For years, I’ve been mildly intrigued by non-WWE wrestling, but never really pulled the trigger outside of TNA. I was sucked into an episode of Impact in 2009 and stuck with it for about two years, until one day I finally was fed up with the booking. I can’t remember what match it was, but I told my wife, “If so-and-so wins, I’m done.” So-and-so won, and I haven’t watched a minute since.
I first heard of Ring of Honor about five years ago. The closest I came to actually watching it was some episode centered around Matt Hardy this past winter. Yawn. Knowing the reputation it’s had as a launching point for many current upper-echelon WWE competitors, the intrigue finally got the best of The Champ this week.
The first impression? Meh.
The most recent episode felt like just another wrestling show. Coming off a couple major events with New Japan Pro Wrestling and a No. 1 contender’s match between Michael Elgin and A.J. Styles the week before, ROH didn’t have much in terms of storyline buildup for this hour. The closest we got was for the main event, in which Kevin Steen and Cliff Compton apparently form an odd-couple pairing to battle Outlaw Inc. None of the four matches were duds, but none were particularly great. It’s clear ROH saves its best stuff for special events, kind of like NXT has done for ArRIVAL and Takeover this year.
I like Silas Young as a “man’s man” heel, and Caprice Coleman as an athletic semi-evangelistic babyface. I’ve always been a fan of Jay Lethal‘s work when he shows up on the screen.
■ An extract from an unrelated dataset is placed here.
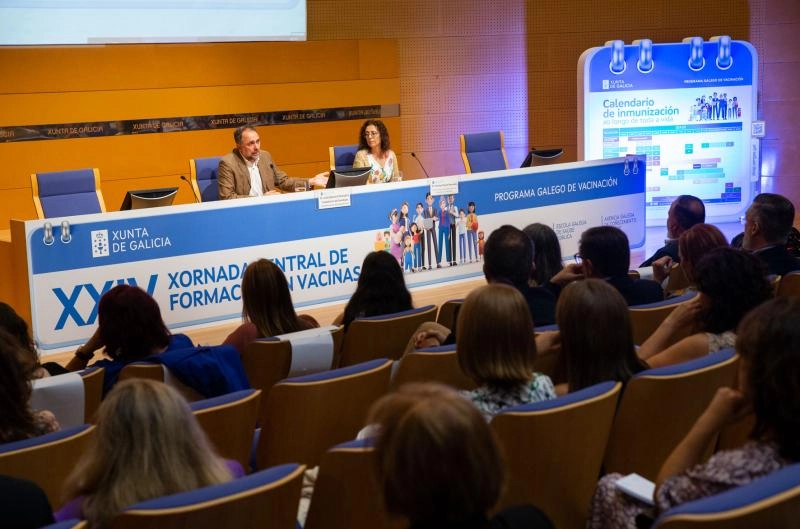 Image 1 of article Comesaña resalta que Galicia es un referente al contar con el calendario de inmunización para toda la vida más completo de España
But the characters don’t seem to have nearly as much depth as in the more mainstream promotions, and the production values, as expected, are a few steps below the major leagues.
Was an isolated, taped TV episode worth the years-long hype the company has built in my eyes? Not even close. Was the same episode worth giving ROH another shot? Oh, we’ll totally be back next week. After all, my first impression of NXT wasn’t all that great either.
Anyway, on to the stuff that actually matters.
ETHAN PAGE vs. SILAS YOUNG
Young calls himself “Pro Wrestling’s Last Real Man”, and I tend to believe him. He’s from Milwaukee, he has the mustache of an ’80s Brewers infielder, he starts with a pair of side headlocks … he’s manly enough. Page no-sells a shoulder tackle, and Young gets angry enough to dropkick him and clothesline him. Fallaway slam attempt countered, and Page does the eighth-grade go-on-all-fours-and-trip-him-move, followed by an elbow drop. “Ego” gets tied up in the ropes, and Young hits a springboard clothesline, then it’s time for five elbow drops and a cover. Back to the side headlock, and Page breaks out, hits a backdrop, kicks Young and hits a cool DDT variation for 2. Since this isn’t WWE, I get the feeling I won’t be able to name half these signature moves. I can however, name a rolling senton where Young lands on his feet. He goes for a springboard moonsault but lands on his feet when Page moves, and Page climbs the ropes for a a jumping enziguiri. Want a manly finisher? Try a backbreaker/short lariat combo.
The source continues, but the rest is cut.